Axis Bank customer Shiv Kumar from Gurgaon allegedly had Rs.4.8 lakh stolen from his salary account. His SIM card was blocked on Valentine’s Day, and the funds were transferred to a HDFC account through unauthorized transactions a week later.
Mr. Shiv Kumar’s Airtel SIM card was blocked on 14 February, and it allegedly took Airtel two weeks to reactivate the connection, during which time funds were transferred out of his account and into an unknown HDFC Bank account. The connection between the card being blocked and the funds being transferred highlights a gaping hole in the security framework of online fund transfers.
If the SIM card had been cloned, fraudsters could use the number to receive authentication like OTPs for transactions. The number could also be used to re-register for apps like Whatsapp, giving the fraudster access to previous chat histories. Bank account numbers, IFSC codes, account holder names, and sometimes even addresses have been sent in the thousands over this platform following demonetization. Pending payments were settled online through IMPS/RTGS transfers, and account details were sent across unregulated for the most part. A backup of this chat history downloaded onto a new phone using a cloned/copied SIM card for authentication creates the perfect crime, but fortunately, all transactions leave a trail online.

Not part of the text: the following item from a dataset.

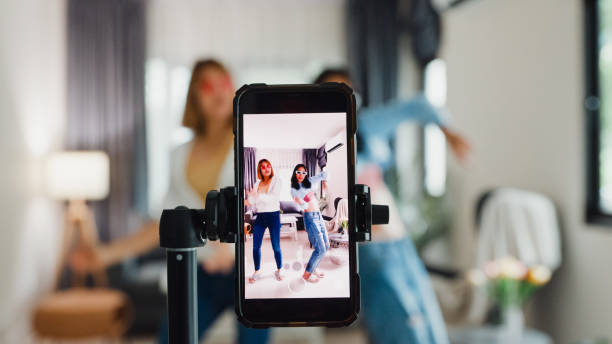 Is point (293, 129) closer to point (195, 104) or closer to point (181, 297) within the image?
point (181, 297)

Mr. Shiv Kumar approached the Sector 10A police station, where Inspector Lal Chand has registered FIRs under Sections 419 (cheating by impersonation) and 420 (cheating) of the IPC and Sections 66 (computer related offences) and 66D (cheating by impersonation using a computer resource) of the IT Act. It is unclear at this time why the case was reported two months later, although cases of online fraud through IMPS/RTGS have been on the rise and banks have issued statements for customers to report such instances immediately.
Blocked SIM cards should be reported to the police and the network operator immediately. Unauthorized transactions, random messages that say an OTP has been generated using your credentials, requests for OTP, etc. should be reported immediately to the bank, and police station where necessary.